DR. LATERNSER: Haben Sie selbst mal mit Feldmarschall Rommel über diesen Punkt gesprochen?
GISEVIUS: Nein, ich habe nie Wert darauf gelegt, seine Bekanntschaft zu machen.
DR. LATERNSER: Eine weitere Frage: Waren auch Generalstabsoffiziere am 20. Juli beteiligt?
GISEVIUS: Ja, eine große Menge.
DR. LATERNSER: Wieviel der Zahl nach schätzen Sie?
GISEVIUS: Das kann ich nicht, weil ich damals nicht informiert war, wieviel Generalstäbler Stauffenberg auf seiner Seite hatte. Ich zweifle nicht, daß Stauffenberg, Oberst Hansen und manche andere mutige Männer eine Anzahl sauberer, mutiger Generalstabsoffiziere vorgefunden hatten, und daß sie auf die Gefolgschaft sehr vieler anständiger Generalstäbler zählen konnten, die sie natürlich vorher nicht in ihre Pläne einweihen konnten.
DR. LATERNSER: Ja, das wird genügen zu diesem Punkt. Nun ist mir noch eine Frage eingefallen. Sie erwähnten vorher General von Treskow. Kannten Sie General von Treskow persönlich?
GISEVIUS: Ja.
DR. LATERNSER: Wissen Sie etwas darüber, daß General von Treskow, nachdem er von der Herausgabe des Kommissarbefehls erfahren hatte, Vorstellungen bei Rundstedt gemacht hat, und daß diese Vorstellungen mit dazu beigetragen haben, daß der Kommissarbefehl im Bereich des Generalfeldmarschalls von Rundstedt nicht weitergegeben wurde?

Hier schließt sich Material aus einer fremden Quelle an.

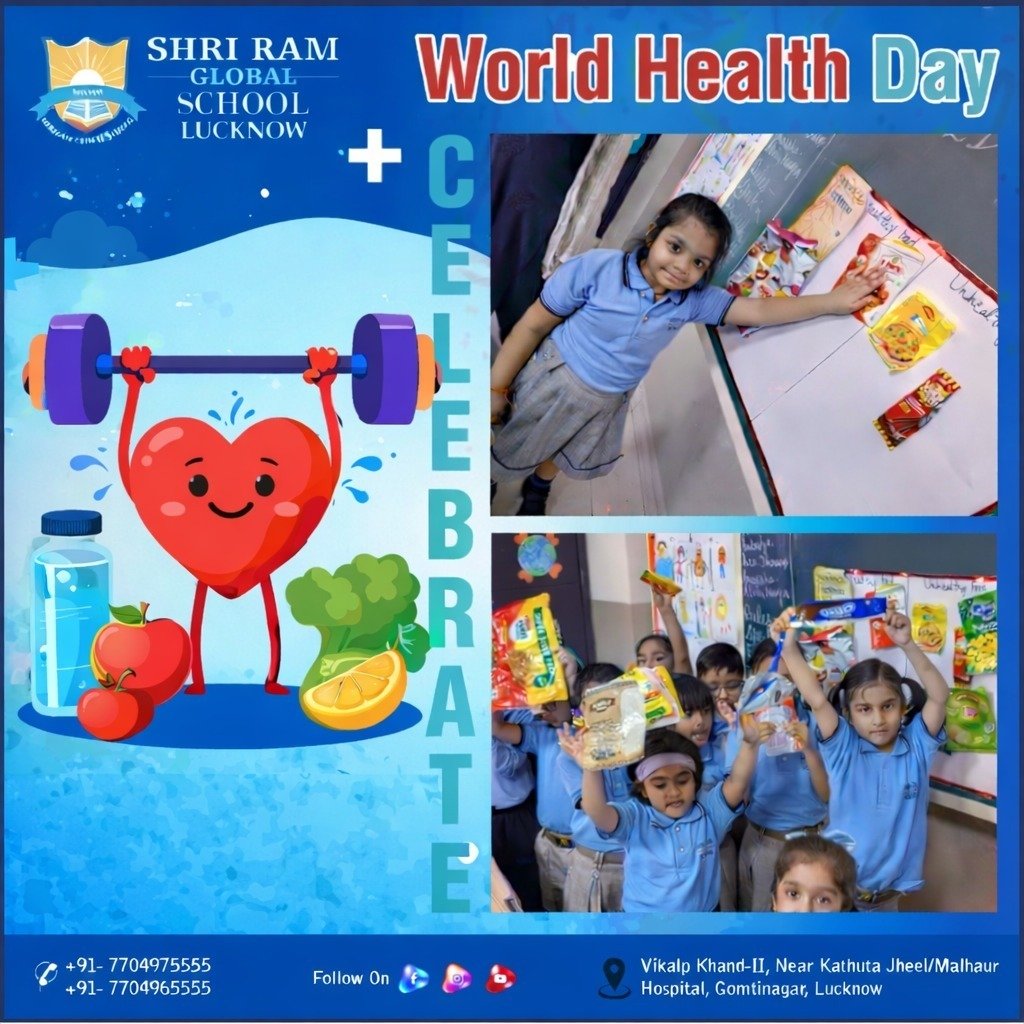 World Health Day (1)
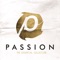 How Great Is Our God (feat. Chris Tomlin) - Passion lyrics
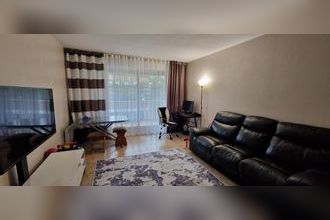 achat appartement le-cannet 06110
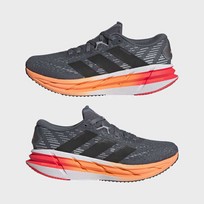 Кроссовки Adistar 4 Running
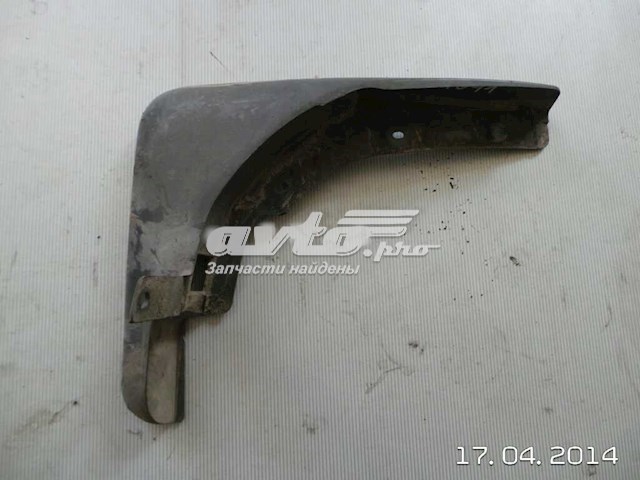 638558H300 Nissan/Infiniti 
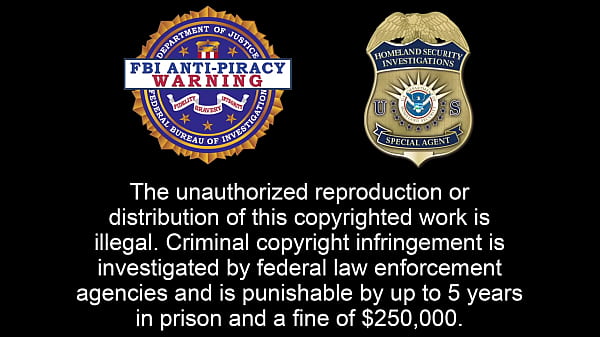 Don’t Tell Doc I Cum On The Clock – Alexandria Wu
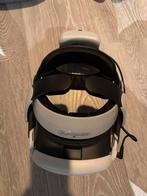 Meta Quest 3 512GB - Nieuwste VR Headset!, Spelcomputers en Games, Virtual Reality, Ophalen of Verzenden, Nieuw, VR-bril, Pc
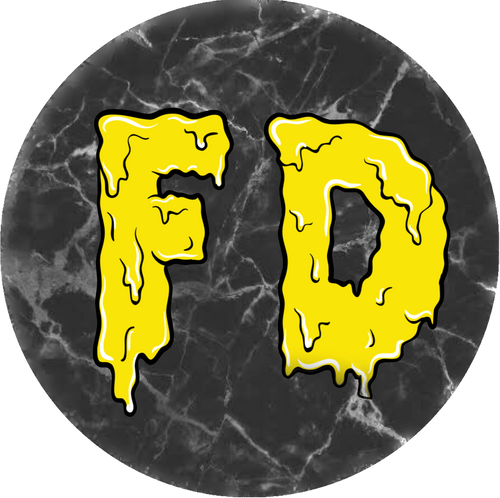 FD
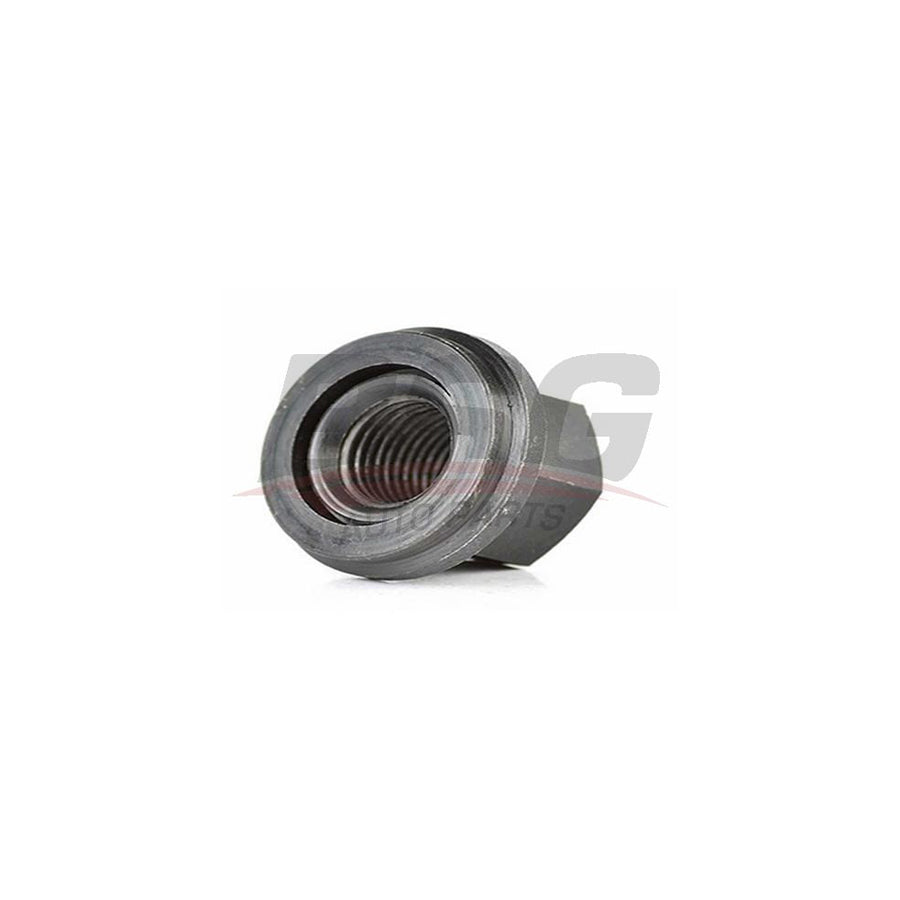 BSG BSG 30-230-011 Wheel Nut for FORD TRANSIT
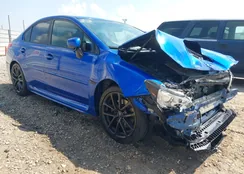 JF1VA1B65J9801357: 43257561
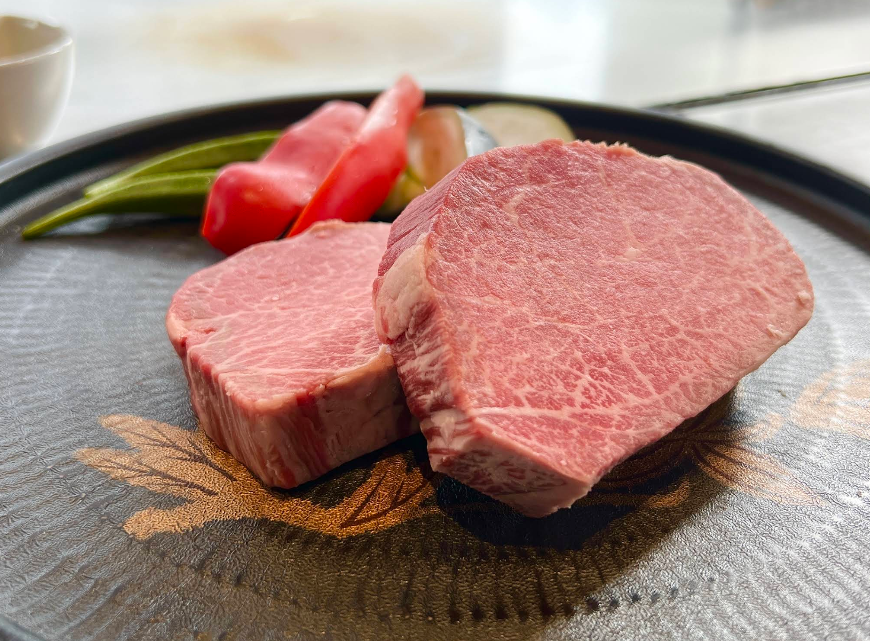 스테이크라운지 렌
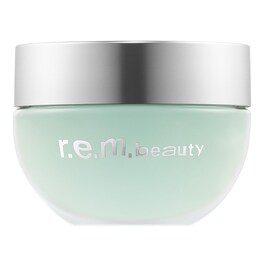 Full night's sleep - Refreshing balm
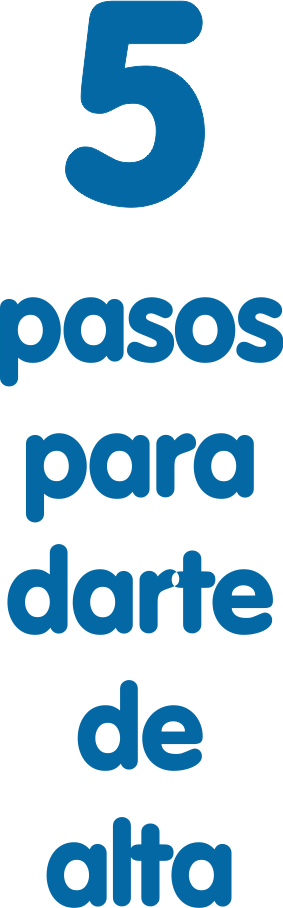 img_5_pasos.png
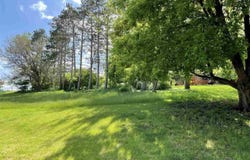 1628 Riverview Road, St. Peter, MN 56082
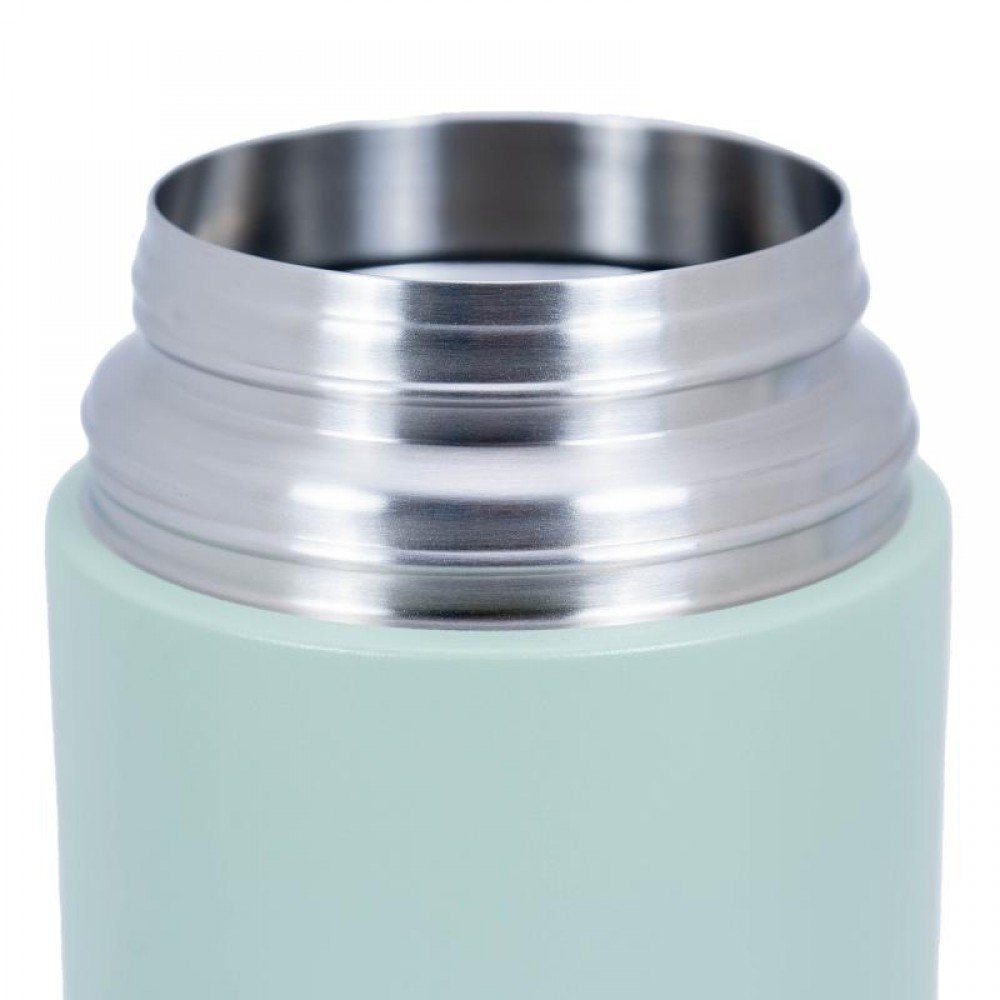 Термос Ranger Expert Food 0,7 L RA 9945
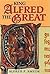 King Alfred the Great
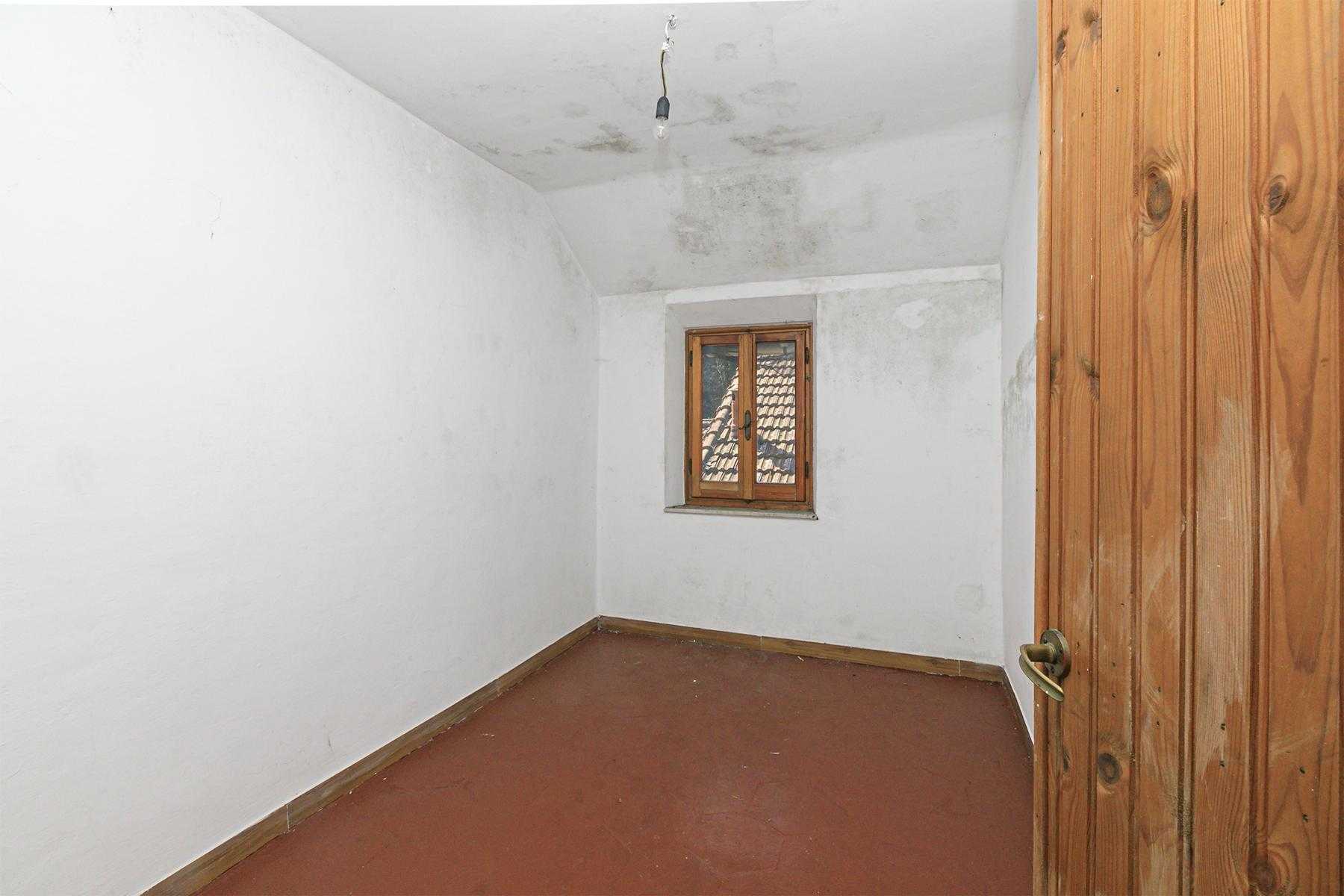  - foto 14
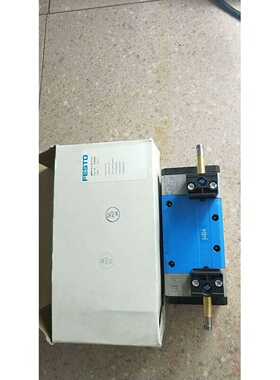 议价全新原装正品费斯托FESTO151033JMFH5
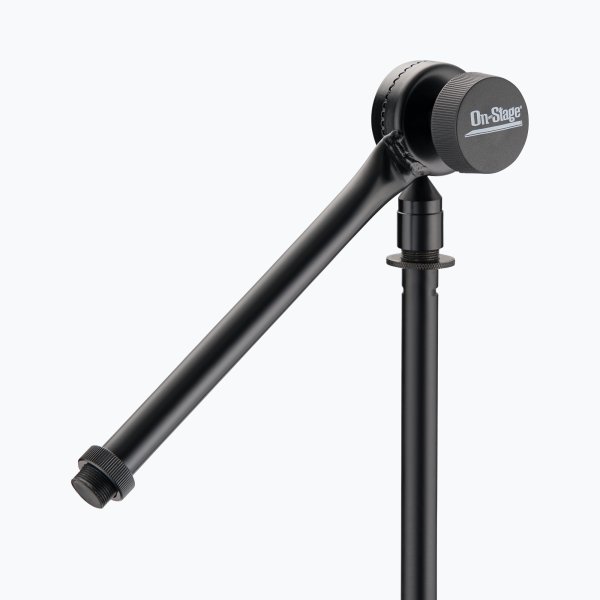 On-Stage 7" Posi-Lok Mini Boom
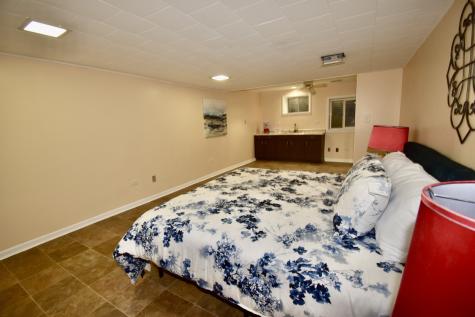 649 Wilbur Court Gurnee IL 60031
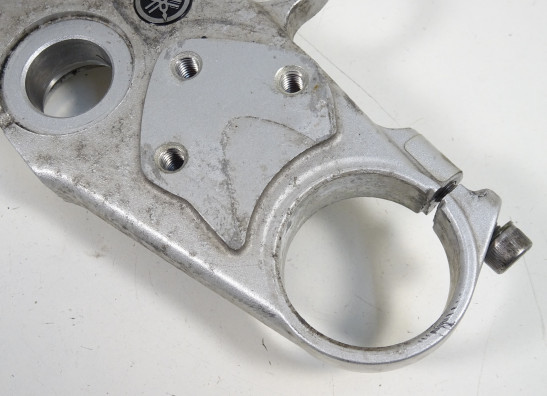 Gabelbrücke Obere Yamaha FJR 1300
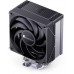 Jonsbo CR-1000MAX CPU-Kühler, 120mm - schwarz
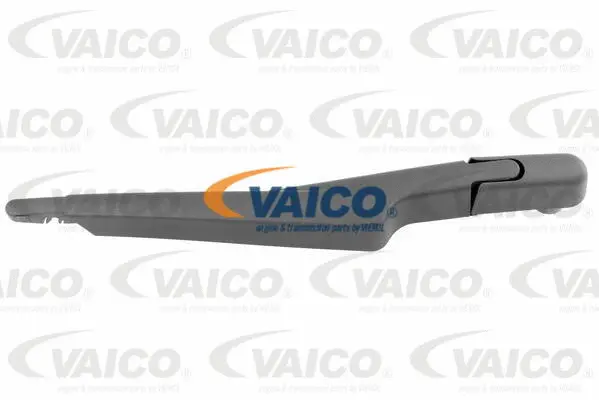 Wiper Arm, window cleaning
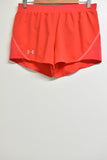 Ladies Activewear - Under Armour - Size M - LACT - FAS010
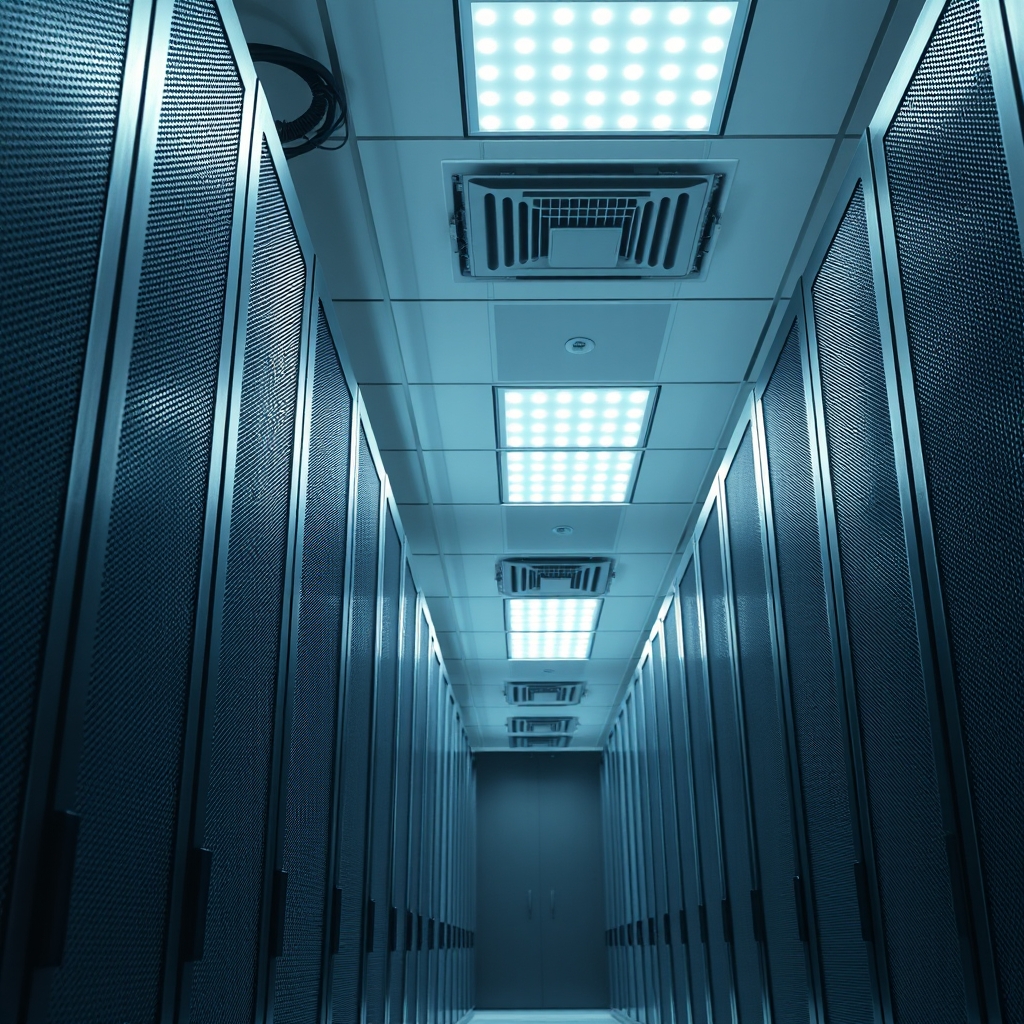 CDN y hosting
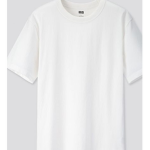 Clothing Group Studios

GISEVIUS: Treskow gehörte seit Jahren zu unserer Gruppe. Es gab keine Aktion, die uns so beschämte wie diese, und er machte von Anfang an mutig seine Vorgesetzten auf das Unzulässige solcher furchtbaren Befehle aufmerksam. Ich weiß, wie damals der berühmte Kommissarerlaß bei uns zunächst vom Hörensagen bekannt wurde, und wie wir sofort einen Kurier zu Treskow schickten und ihm zunächst von der bloßen Absicht einer solchen Schändlichkeit Mitteilung machten, und wie dann auf ein gegebenes Stichwort hin Treskow nach Erscheinen des Erlasses beim Generalfeldmarschall von Rundstedt in dem von Ihnen geschilderten Sinne vorstellig wurde.
VORSITZENDER: Sie sagten vor kurzem, daß Sie im Begriffe seien, eine letzte Frage zu stellen.
DR. LATERNSER: Herr Präsident! Es tut mir leid, ich konnte das nicht einhalten. Eine Anzahl Fragen ergab sich aus den Aussagen des Zeugen. Aber das war meine letzte Frage.
VORSITZENDER: Der Gerichtshof wird sich jetzt zurückziehen.